Several studies demonstrate decreases in caspase 3 levels with development. Murine caspase 3 mRNA and protein levels markedly declined from postnatal day 12 onward (41,42). Similarly, after hypoxic/ischemic injury, levels of caspase 3 declined from postnatal days 7 to 15 in rats (43) with greater necrotic neuronal morphology in older rats compared with a combination of necrotic and apoptotic morphology in immature rats (44). Previous in vitro studies by us and others using whole brain extracts and isolated neuronal cells also found decreased caspase 3 levels with age in culture and after injury (19,45). None of these studies looked specifically at levels of caspase 3 in microglia with development. Our present in vitro measurements did not show a significant change in the percentage of activated caspase 3–positive cells between DIV 2 and DIV 14, in contrast to findings in other cell types with development. We did observe more rapid cell death in early cultures. The lack of a significant difference in apoptotic versus necrotic morphology, percentage of TUNEL-positive cells, and percentage of annexin-positive cells between early and late cultures suggests that the more rapid cell death in early cultures is unlikely to represent a greater component of necrotic cell death.

Human studies also support developmental changes in cytokine production. Some premature infants who were <28 wk gestation had very high serum levels of proinflammatory cytokines, including TNF-α, IL-1, and IL-6, which then declined during the first postnatal week (46). Underlying inflammatory changes associated with preterm delivery may account for an initial peak in cytokine levels. Neonatal brains with periventricular leukomalacia similarly exhibited high expression of TNF-α and to a lesser extent IL-1β (47). The pattern of cytokine expression in anoxic brains without periventricular leukomalacia also showed significantly lower TNF-α immunoreactivity. Therefore, TNF-α may be an important mediator involved in the pathogenesis of periventricular leukomalacia. It is interesting that in our study, TNF-α was released at higher levels from immature microglia, a factor that might contribute to the propensity for periventricular leukomalacia injury to occur in premature infants.
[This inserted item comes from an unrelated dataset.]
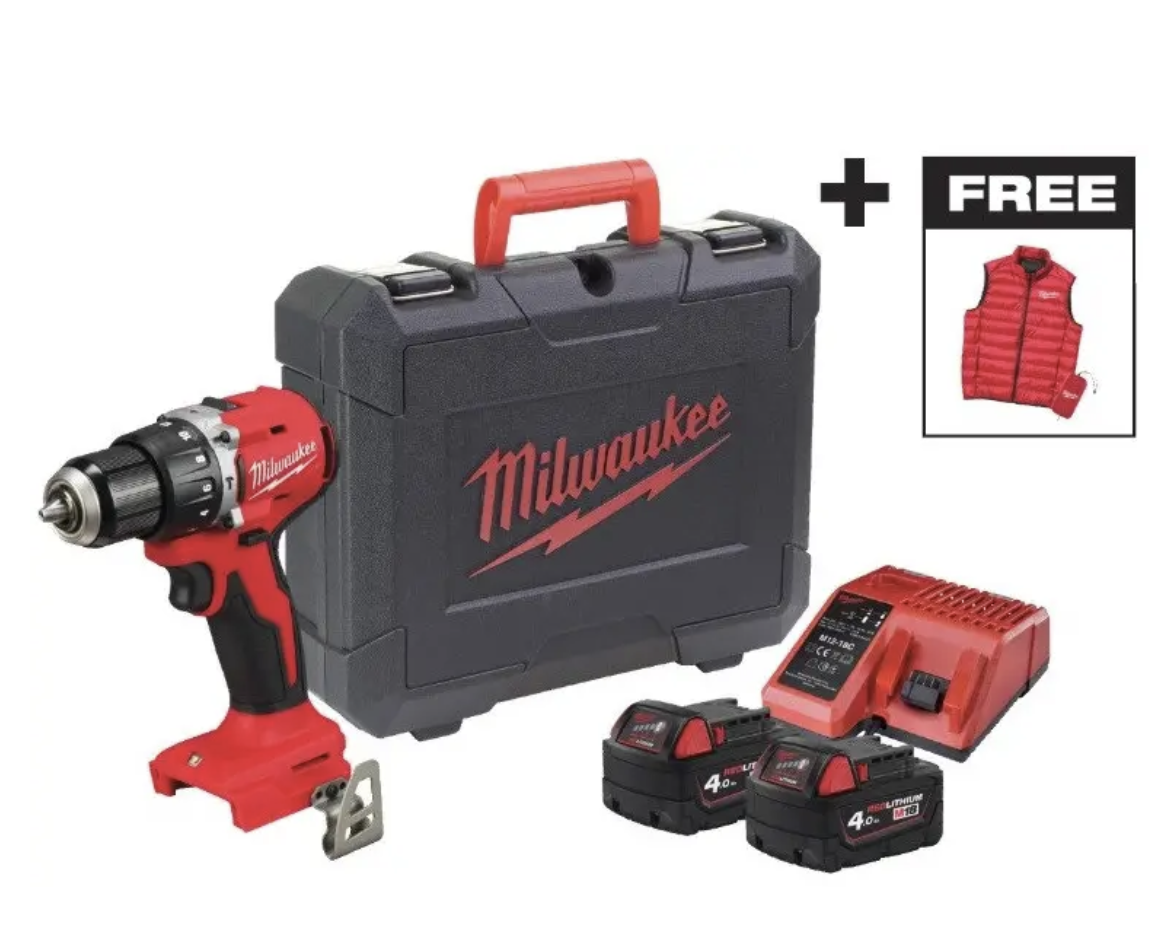 Дриль-шурупокрут з ударом акумуляторний М18 BLPDRC-402С, крутний момент 60Нм (+ заряд.пристрій, 2 акум., HD кейс) + жилетка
Our conclusions should be interpreted in the context of a cell culture environment. Longer times in culture may in some respects parallel in vivo changes seen with development, but validation of this possibility must await the identification of markers that change with microglial development. We are not aware of any cellular markers that have been documented to change expression markedly with postnatal development in microglia. Our research suggests that developmental changes do occur in microglia, as has been documented for other brain cell types. Compared with astrocytes and neurons, microglia require a longer duration of injury to achieve the same amount of cell death in young cultures (48). Additional in vivo studies are needed to delineate the importance of apoptotic pathways in microglia with development.

This research explores the response of neonatal microglia to both inflammatory and ischemia-like stimuli as they age in culture. Early-culture microglia are more vulnerable to apoptosis after various insults (SD, GD, and OGD). They also exhibit increased cytokine release that can potentiate ischemic brain injury. Further research on inflammatory changes with development will lead to a better understanding of the role of microglia in perinatal brain injury.